▶ [Task to carry out]:
Print the listing as it stands, omitting all images.

▶ [Collected material]:
------------------------

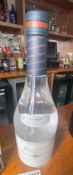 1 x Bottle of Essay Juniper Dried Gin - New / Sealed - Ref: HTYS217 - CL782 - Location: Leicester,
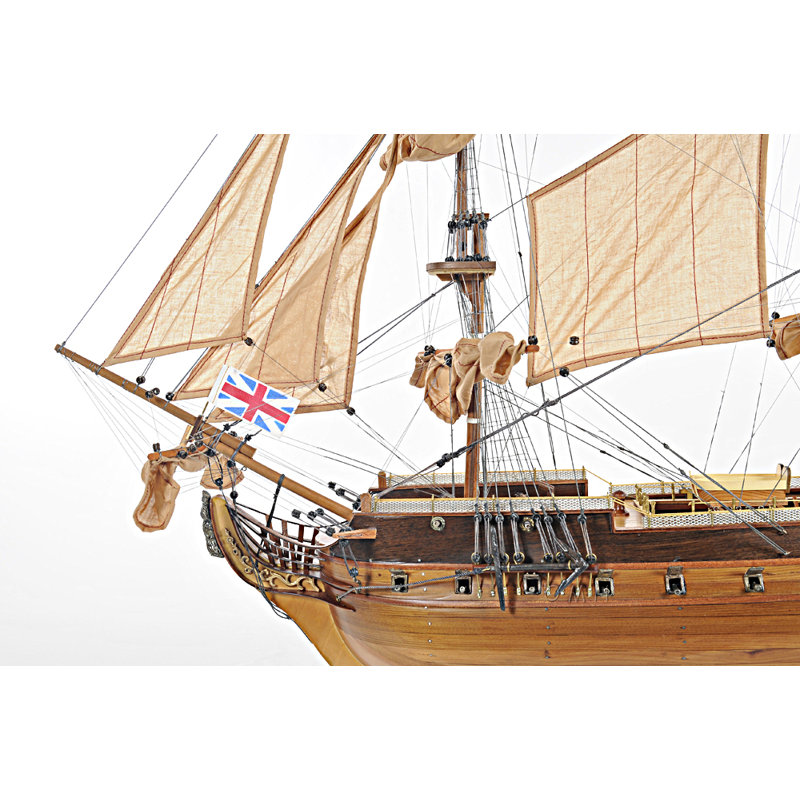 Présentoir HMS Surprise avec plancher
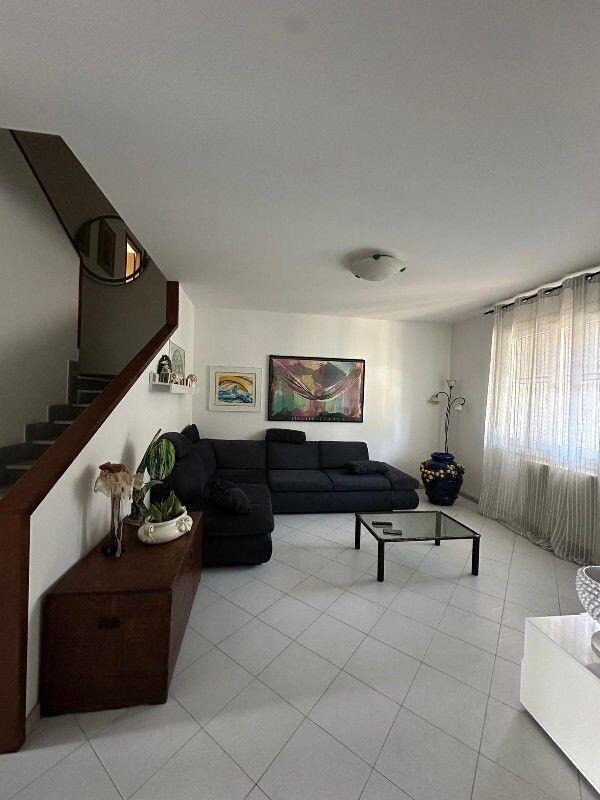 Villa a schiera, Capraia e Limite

------------------------

▶ [Exercise output]:
 1 x Bottle of Essay Juniper Dried Gin - New / Sealed - Ref: HTYS217 - CL782 - Location: Leicester,
 Présentoir HMS Surprise avec plancher
 Villa a schiera, Capraia e Limite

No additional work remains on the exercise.